I do feel bad picking on this institution, because it is probably no worse than the other ones, and I do appreciate that they have stuck with me for all of these years, but there are a couple of other interesting moves they have made. On the one hand, one of my accounts went below their minimum, and hence I was charged a fee for something like "inadequate balance maintained." . However, I was using another account to fund this account, and I made such transfers so often that my other account I was charged an "excess activity fee." I was told that to avoid such fees, I could make such transfers either with the teller doing the transaction , or by using an ATM machine. I suppose that this move was to prevent me from trying to do an online transaction and then suffer the indignity of being unable to access my bank account in the event some catastrophe stopping the Internet from functioning, such as the recent passing of Michael Jackson. I feel good though; I am just doing my little part to help this bank be successful in such a difficult time.

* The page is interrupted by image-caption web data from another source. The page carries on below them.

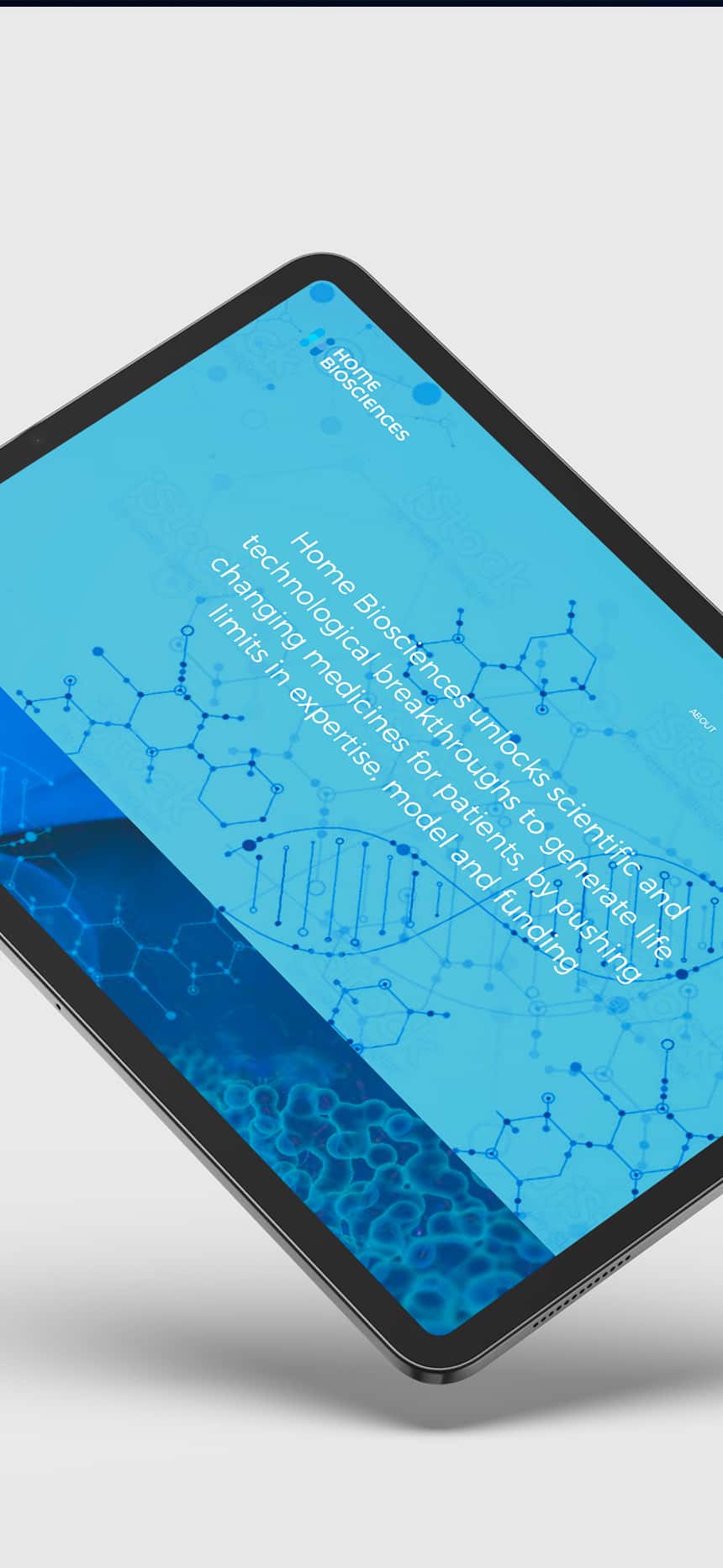 HOME BIOSCIENCES - Création du logotype, élaboration de la charte graphique et du site internet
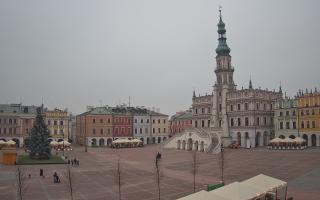 Zamość - 29-11-2025 13:56
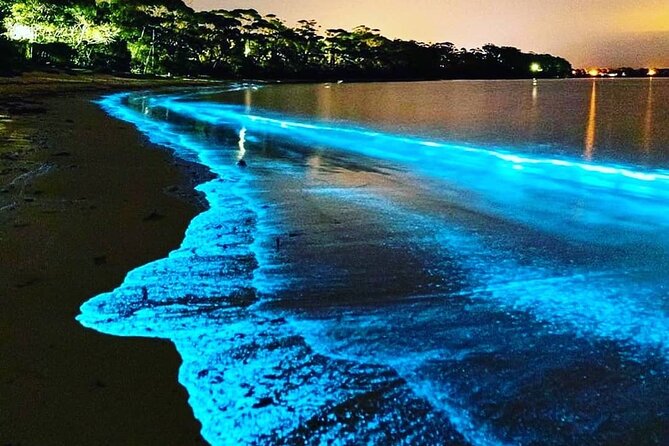 Cocoa Beach Small-Group Bioluminescent Clear Kayak Tour 2023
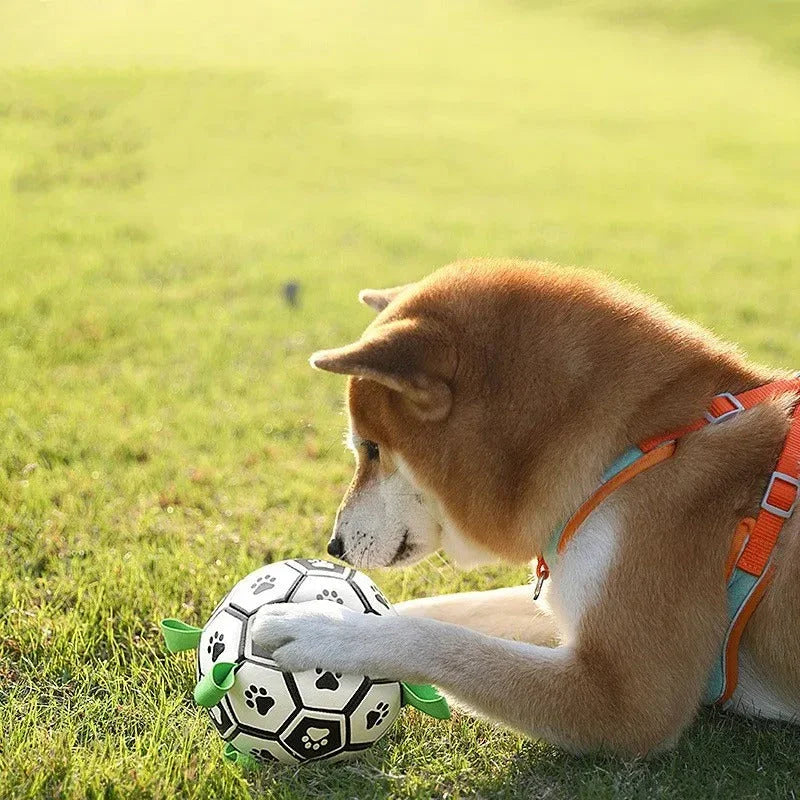Palla Resistente per Cani con Maniglie da Tiro – Gioco Interattivo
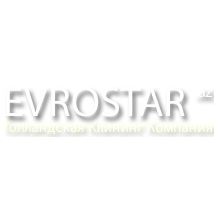 EVROSTAR CLEANING SERVICE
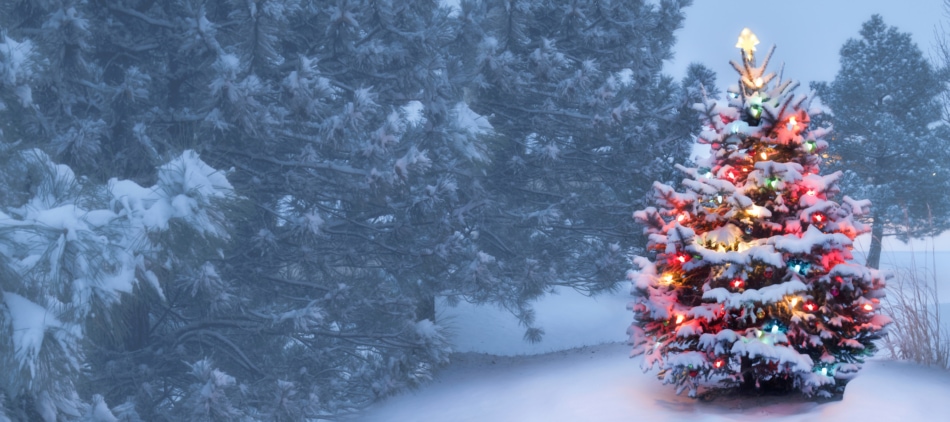 A tree outside with snow and lights on it.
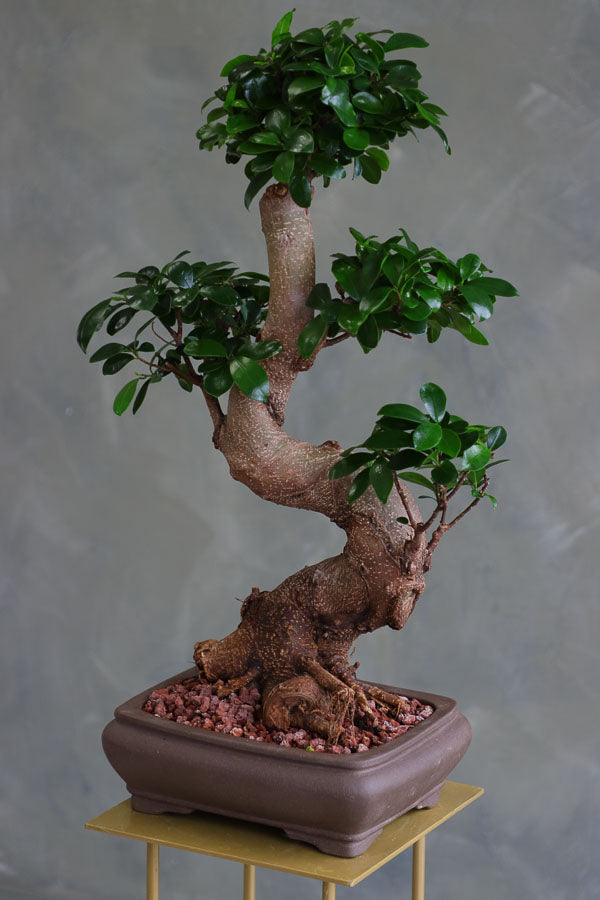 Indian Laurel bonsai with a thick curved trunk and dense green leaves in a square ceramic pot, styled on a stand.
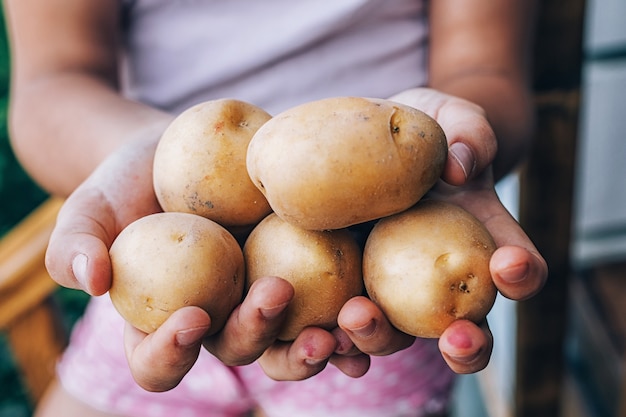 Foto manos femeninas sostienen patatas maduras al aire libre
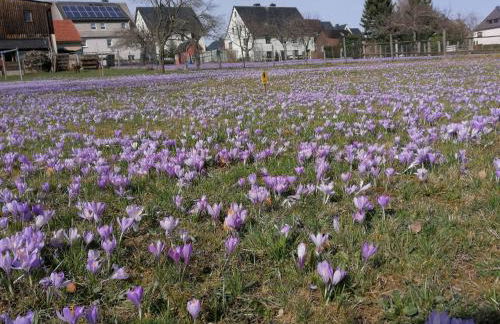 Holiday Home Ziller by Interhome - Foto 17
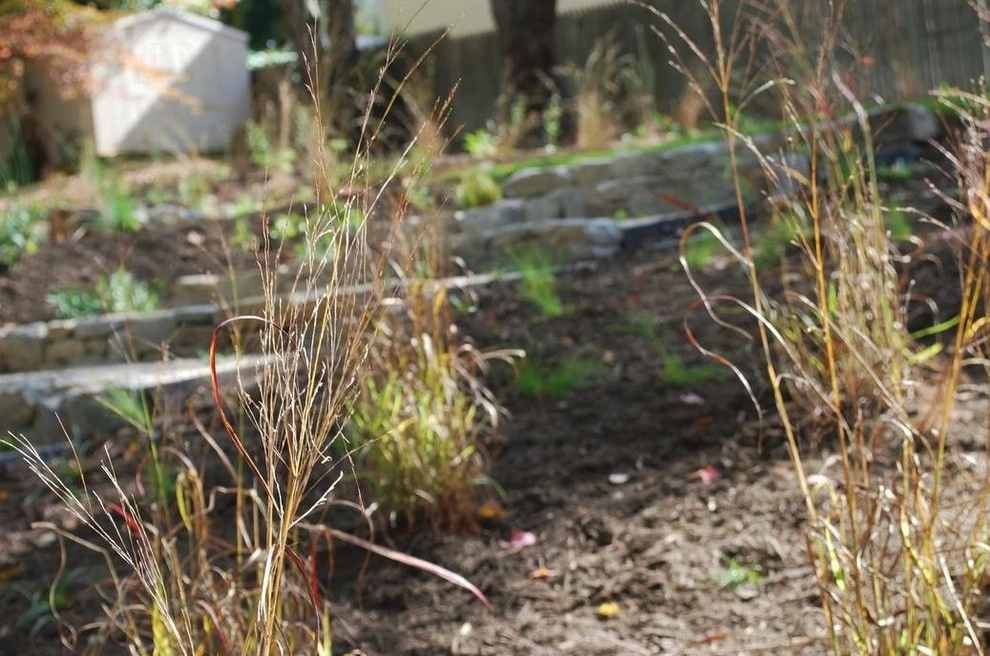 Falls Church Backyard by Native Plant Landscape Design Corp - Photo 19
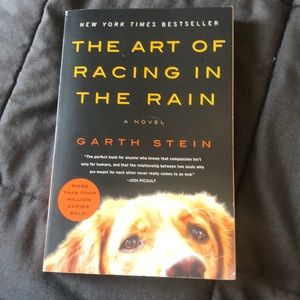 “The Art of Racing in the Rain” by Garth Stein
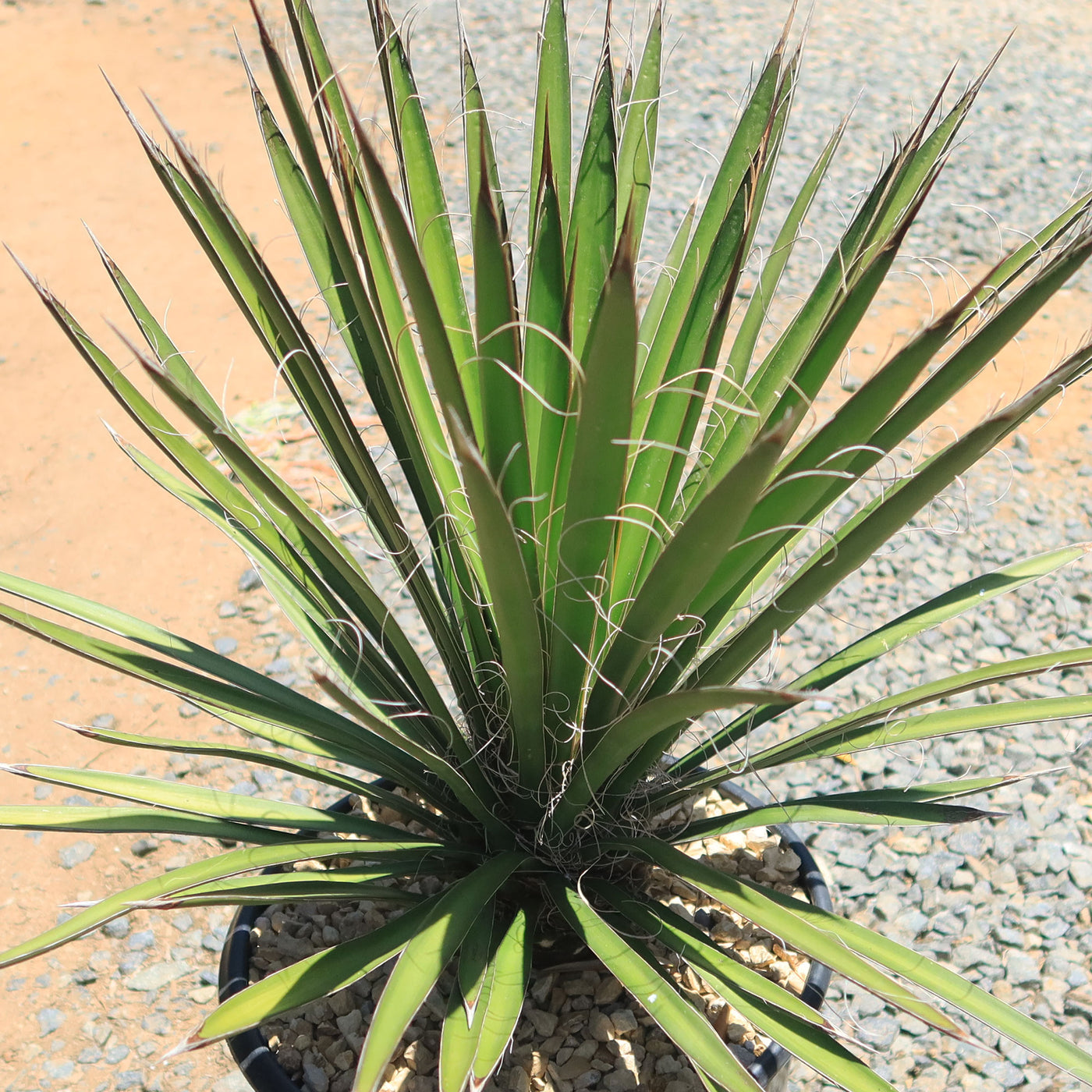 Palma China ‘Yucca filifera’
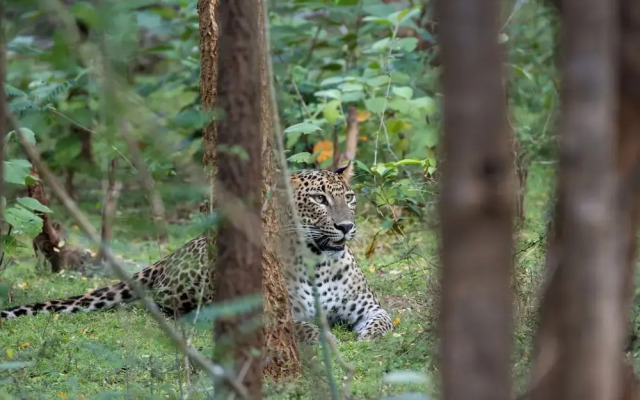 The Den at Yala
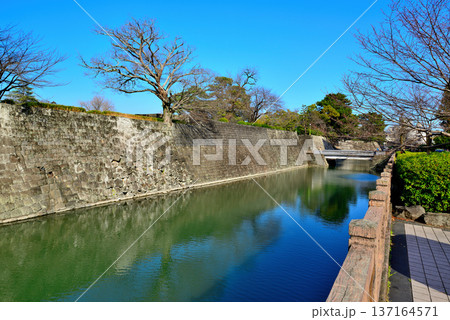 静岡県　駿府城の風景 137164571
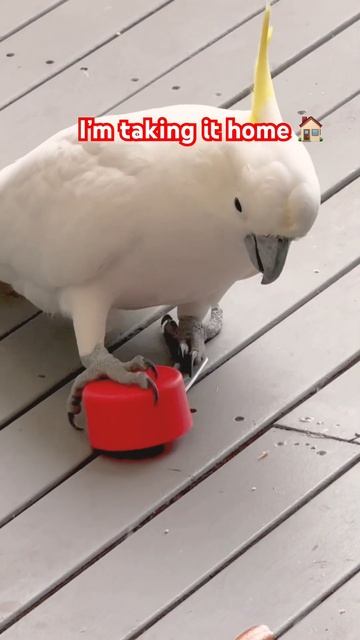 Don't touch! Hands Off, What's Mine is Mine! 🚫🦜 смотреть онлайн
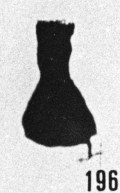 Fig. 196 - Ancyrochitina ancyrea (Eisenack). —161,50 m. b 370.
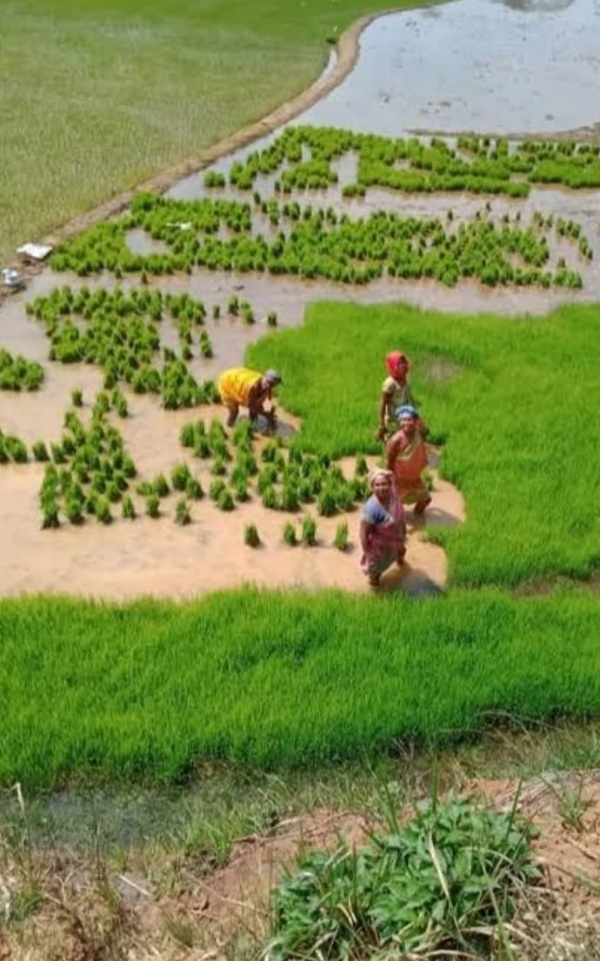 ସାର ଅଭାବ ଓ କଳାବଜାର  ହୋଇପାରେ ଚାଷ ସମସ୍ୟା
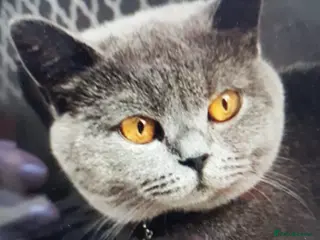 British Shorthair cats Belle – 6-Year-Old British Shorthair - Advert 5
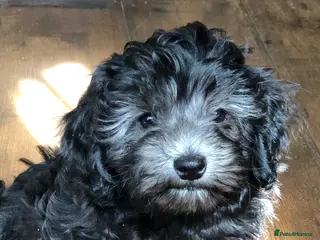 Maltipoo dogs Maltipoo puppies - Advert 18
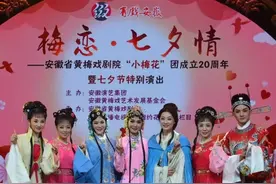 安徽省黄梅戏剧院“小梅花”剧团建团20周年专场演出盛大举行图片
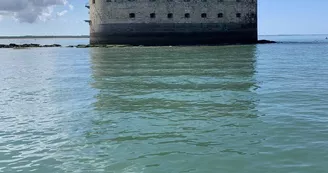 Sortie demi-journée après-midi en catamaran - ​Catamaran La Rochelle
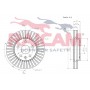 RD00623 RAICAM Гальмівний диск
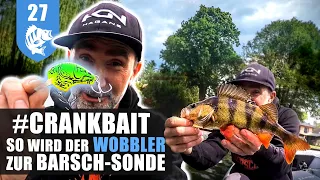 SOMMER-BARSCHE: Powerfishing mit dem KUGELBLITZ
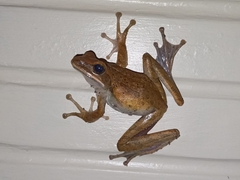 Polypedates leucomystax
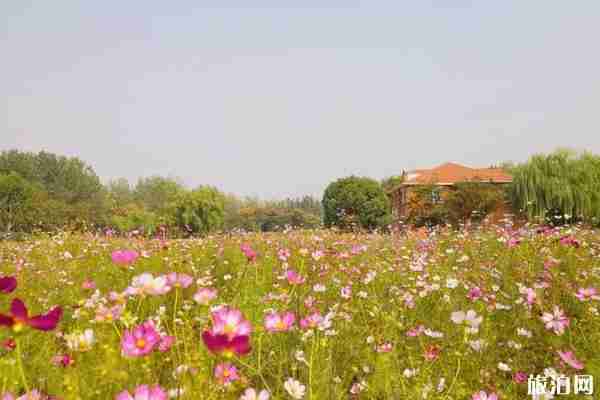 南京格桑花海在哪里看+门票+交通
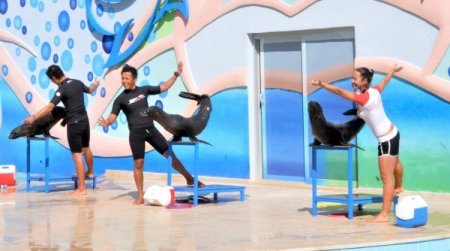 Gaziantep Hayvanat Bahçesi’nin yeni sakinleri foklar, gösterileriyle büyüledi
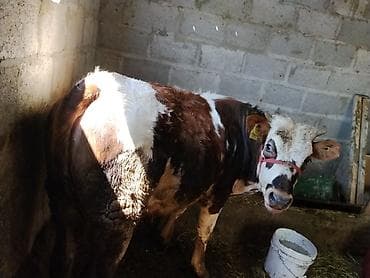 натуральный мёд: Продаю | Корова (самка) | Полукровка | На откорм | Привязанные — 5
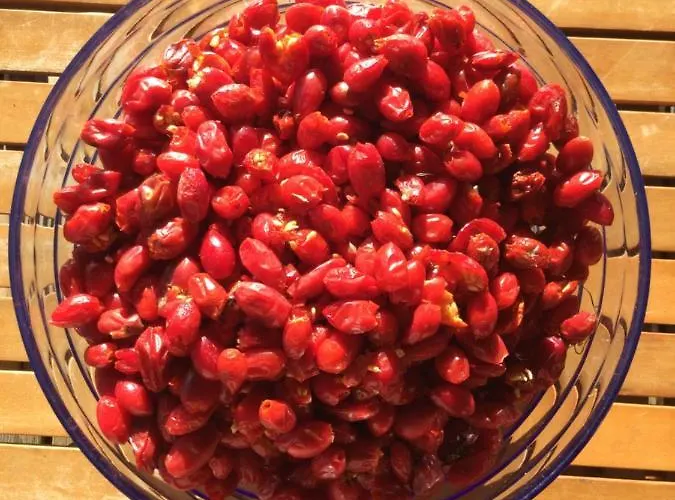 Apartamento Rouge Sorbier Font-Romeu-Odeillo-Via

Anyway, the woman teller was wearing a very sharp looking Chase Manhattan shirt, blue with a couple of buttons and a nice collar. I complemented her and told her, "Hey, things can't be that bad. After all, you are wearing a nice shirt with Chase Manhattan insignia." Alas, she told me that her nice new shirt was actually torn in a couple of spots, and that one of the buttons was coming off, which lead me to thinking, how many times a week do these employees have to wear these shirts? Do the employees get a new shirt to wear every day, or do they have go home every night, to wash the one shirt that they have been issued, and then repeat this ritual every day to the point where their shirts start falling apart and become shabby-looking? I am afraid to inquire more into this, so I have let this one go.

Anyway, as you probably can guess, the morale of this story is : Accentuate the positive. Do your best to cheer up everyone you meet, even bank employees. You might try to do your best Michael Jackson dance moves in the bank lobby, by doing some spins, standing on your tip toes and doing some Moonwalking. You will definitely put on the smile of everyone in the bank (except for, perhaps the security guards, who might, unfortunately, deduce that you are a threat to the bank in light of your behavior, and arrest you, or even shoot you. ) But, do not fear. America will survive this economic meltdown, as long as we and all consumers keep a smile on our faces, and, as the old saying goes, "Don't let'em see you sweat."